When Methodist related colleges and universities or other Methodist related institutions follow John Wesley’s three simple rules: 1. Do no harm, 2. do good, and 3. stay in love with God, we can find ourselves able to make a difference even in places as unsustainable as Oklahoma, and we can work collaboratively with others who share the value of caring for the Community of all Creation.
No one can deny the great good that is achieved by so many Methodist related institutions, including our many schools, colleges, and universities. The service and education provided by our institutions continue to uphold the Wesleyan tradition of viewing the world as our parish, and in the case of higher education we might also say that the world is our campus. Methodism should rightly be proud of the good it is doing for the beloved community around the world, though there is certainly potential for doing better. Whatever good that we do, however, will be fleeting if we continue to be a part of hurling our world towards climate chaos. Doing good in a time of climate crisis requires that we do all in our power to address this crisis.
As Methodist related institutions of service and learning and as followers of the way of Jesus, we recognize the very good Earth and all creation as the work and ongoing expression of God’s love. When we are involved in activities and support systems that dishonor God’s creation and that bring suffering and injustice to God’s creatures, we are not expressing love for God. If we truly want to stay in love with God, we must honor all of God’s creation and work for climate justice and environmental justice for all.
The three simple rules of John Wesley and the love and justice found in the way of Jesus inspire us to action to address the climate crisis with the fierce urgency of now that it requires. In Methodism, we have both the worldwide connection and hopefully we possess the worldwide will to address the most urgent global crisis facing the community of all creation today.
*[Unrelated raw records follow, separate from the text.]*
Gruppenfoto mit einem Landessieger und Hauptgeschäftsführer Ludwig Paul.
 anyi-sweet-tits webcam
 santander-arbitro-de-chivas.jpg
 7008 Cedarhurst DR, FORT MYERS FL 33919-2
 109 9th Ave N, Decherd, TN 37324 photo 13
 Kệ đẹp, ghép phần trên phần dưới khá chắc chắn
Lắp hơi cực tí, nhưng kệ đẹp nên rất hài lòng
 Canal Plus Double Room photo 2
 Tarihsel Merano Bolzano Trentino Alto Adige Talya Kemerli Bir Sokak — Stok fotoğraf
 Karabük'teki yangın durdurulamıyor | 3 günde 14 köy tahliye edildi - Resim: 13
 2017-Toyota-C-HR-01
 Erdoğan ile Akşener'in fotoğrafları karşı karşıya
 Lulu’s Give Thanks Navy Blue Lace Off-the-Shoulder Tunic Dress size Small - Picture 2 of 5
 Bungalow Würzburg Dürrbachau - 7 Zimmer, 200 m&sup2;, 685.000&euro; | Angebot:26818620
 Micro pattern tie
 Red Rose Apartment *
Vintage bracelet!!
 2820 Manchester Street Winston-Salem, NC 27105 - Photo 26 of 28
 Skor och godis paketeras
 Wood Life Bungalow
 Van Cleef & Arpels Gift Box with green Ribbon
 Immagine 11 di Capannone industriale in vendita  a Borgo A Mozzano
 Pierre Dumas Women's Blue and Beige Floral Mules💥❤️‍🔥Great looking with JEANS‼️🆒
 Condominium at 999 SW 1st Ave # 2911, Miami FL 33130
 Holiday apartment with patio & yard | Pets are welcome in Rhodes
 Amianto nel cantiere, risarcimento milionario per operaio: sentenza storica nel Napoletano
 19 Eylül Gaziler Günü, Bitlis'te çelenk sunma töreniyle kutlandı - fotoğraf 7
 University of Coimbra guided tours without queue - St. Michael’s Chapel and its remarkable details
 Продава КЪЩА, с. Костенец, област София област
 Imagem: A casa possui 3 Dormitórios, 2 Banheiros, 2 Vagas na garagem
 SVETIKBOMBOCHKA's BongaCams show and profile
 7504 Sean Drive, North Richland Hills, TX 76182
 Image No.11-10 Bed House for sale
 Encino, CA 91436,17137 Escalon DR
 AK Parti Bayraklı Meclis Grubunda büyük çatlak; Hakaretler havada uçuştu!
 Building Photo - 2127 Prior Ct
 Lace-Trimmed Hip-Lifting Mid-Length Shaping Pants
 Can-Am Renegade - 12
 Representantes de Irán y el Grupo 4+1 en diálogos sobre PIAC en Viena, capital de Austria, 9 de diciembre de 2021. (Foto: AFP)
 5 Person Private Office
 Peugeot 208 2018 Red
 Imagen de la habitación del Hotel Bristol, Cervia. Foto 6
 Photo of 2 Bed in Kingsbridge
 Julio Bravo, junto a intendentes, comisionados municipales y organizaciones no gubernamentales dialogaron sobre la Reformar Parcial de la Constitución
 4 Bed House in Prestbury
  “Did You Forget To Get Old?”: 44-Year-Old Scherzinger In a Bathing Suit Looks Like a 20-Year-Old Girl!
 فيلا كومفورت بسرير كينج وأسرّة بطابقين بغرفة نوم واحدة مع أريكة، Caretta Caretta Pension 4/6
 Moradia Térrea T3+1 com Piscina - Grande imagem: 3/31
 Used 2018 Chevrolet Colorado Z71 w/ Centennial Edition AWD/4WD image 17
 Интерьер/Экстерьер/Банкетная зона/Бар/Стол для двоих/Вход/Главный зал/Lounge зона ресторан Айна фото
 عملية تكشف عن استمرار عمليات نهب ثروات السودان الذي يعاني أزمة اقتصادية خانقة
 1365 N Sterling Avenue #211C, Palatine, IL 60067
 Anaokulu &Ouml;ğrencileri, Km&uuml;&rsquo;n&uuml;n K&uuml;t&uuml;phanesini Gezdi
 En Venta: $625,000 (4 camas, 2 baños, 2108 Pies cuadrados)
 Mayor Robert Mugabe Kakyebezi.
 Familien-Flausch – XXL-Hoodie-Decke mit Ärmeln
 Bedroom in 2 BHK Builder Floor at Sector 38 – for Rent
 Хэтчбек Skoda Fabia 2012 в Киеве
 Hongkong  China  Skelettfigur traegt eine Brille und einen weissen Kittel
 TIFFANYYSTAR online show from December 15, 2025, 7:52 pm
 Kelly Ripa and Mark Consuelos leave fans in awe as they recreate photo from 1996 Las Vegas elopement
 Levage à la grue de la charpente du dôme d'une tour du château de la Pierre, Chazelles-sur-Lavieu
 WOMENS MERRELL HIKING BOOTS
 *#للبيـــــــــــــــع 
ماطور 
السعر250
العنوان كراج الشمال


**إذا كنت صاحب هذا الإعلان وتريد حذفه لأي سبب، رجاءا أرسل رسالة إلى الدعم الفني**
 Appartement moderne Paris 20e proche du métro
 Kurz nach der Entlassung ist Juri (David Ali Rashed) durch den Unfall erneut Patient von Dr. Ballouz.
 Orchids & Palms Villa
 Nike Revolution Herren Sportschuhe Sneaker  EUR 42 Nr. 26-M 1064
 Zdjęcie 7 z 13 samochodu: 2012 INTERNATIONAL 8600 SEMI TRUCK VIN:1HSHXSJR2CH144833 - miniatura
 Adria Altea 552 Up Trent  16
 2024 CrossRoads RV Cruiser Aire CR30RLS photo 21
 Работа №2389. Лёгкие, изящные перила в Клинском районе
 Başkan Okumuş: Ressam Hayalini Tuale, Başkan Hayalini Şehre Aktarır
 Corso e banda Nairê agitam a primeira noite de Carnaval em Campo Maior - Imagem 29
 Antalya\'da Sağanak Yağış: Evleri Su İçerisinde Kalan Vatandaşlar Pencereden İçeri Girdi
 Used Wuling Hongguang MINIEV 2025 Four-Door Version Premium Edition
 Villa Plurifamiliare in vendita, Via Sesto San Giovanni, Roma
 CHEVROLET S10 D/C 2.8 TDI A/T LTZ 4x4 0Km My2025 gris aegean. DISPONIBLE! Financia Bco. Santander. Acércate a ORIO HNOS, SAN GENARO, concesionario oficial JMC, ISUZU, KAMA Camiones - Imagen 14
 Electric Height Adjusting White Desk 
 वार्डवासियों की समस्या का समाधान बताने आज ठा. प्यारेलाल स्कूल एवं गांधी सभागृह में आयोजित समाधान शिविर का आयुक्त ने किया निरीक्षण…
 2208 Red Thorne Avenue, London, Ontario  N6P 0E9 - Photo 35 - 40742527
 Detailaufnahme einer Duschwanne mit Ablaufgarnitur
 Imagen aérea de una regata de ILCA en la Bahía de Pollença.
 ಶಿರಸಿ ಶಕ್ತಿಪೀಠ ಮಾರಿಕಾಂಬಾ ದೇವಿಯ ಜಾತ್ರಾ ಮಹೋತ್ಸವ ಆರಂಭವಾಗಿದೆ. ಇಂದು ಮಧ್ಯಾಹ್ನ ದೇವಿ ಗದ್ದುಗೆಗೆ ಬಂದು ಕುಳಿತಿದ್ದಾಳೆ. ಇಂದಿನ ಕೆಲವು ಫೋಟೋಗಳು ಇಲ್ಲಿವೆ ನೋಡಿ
This is a matter of preserving a livable climate to maintain the possibility of a flourishing human civilization. This is an existential threat, a matter of life and death for billions of humans and numerous species of life on earth. This matters! Addressing the climate crisis is the most sacred work we can do for the sake of God’s very good creation, and the world needs the worldwide will and the worldwide connection of Methodism and our Methodist institutions of education. Together we can bring realistic hope for a continued livable climate through our sacred work together, even dare I say in places like Oklahoma, especially in places like Oklahoma, that need our shared witness and commitment to preserve a livable climate for all life. It is the privilege of my life to share in this hope giving and life giving work with all of you. May all of our hearts be softened for God’s creation.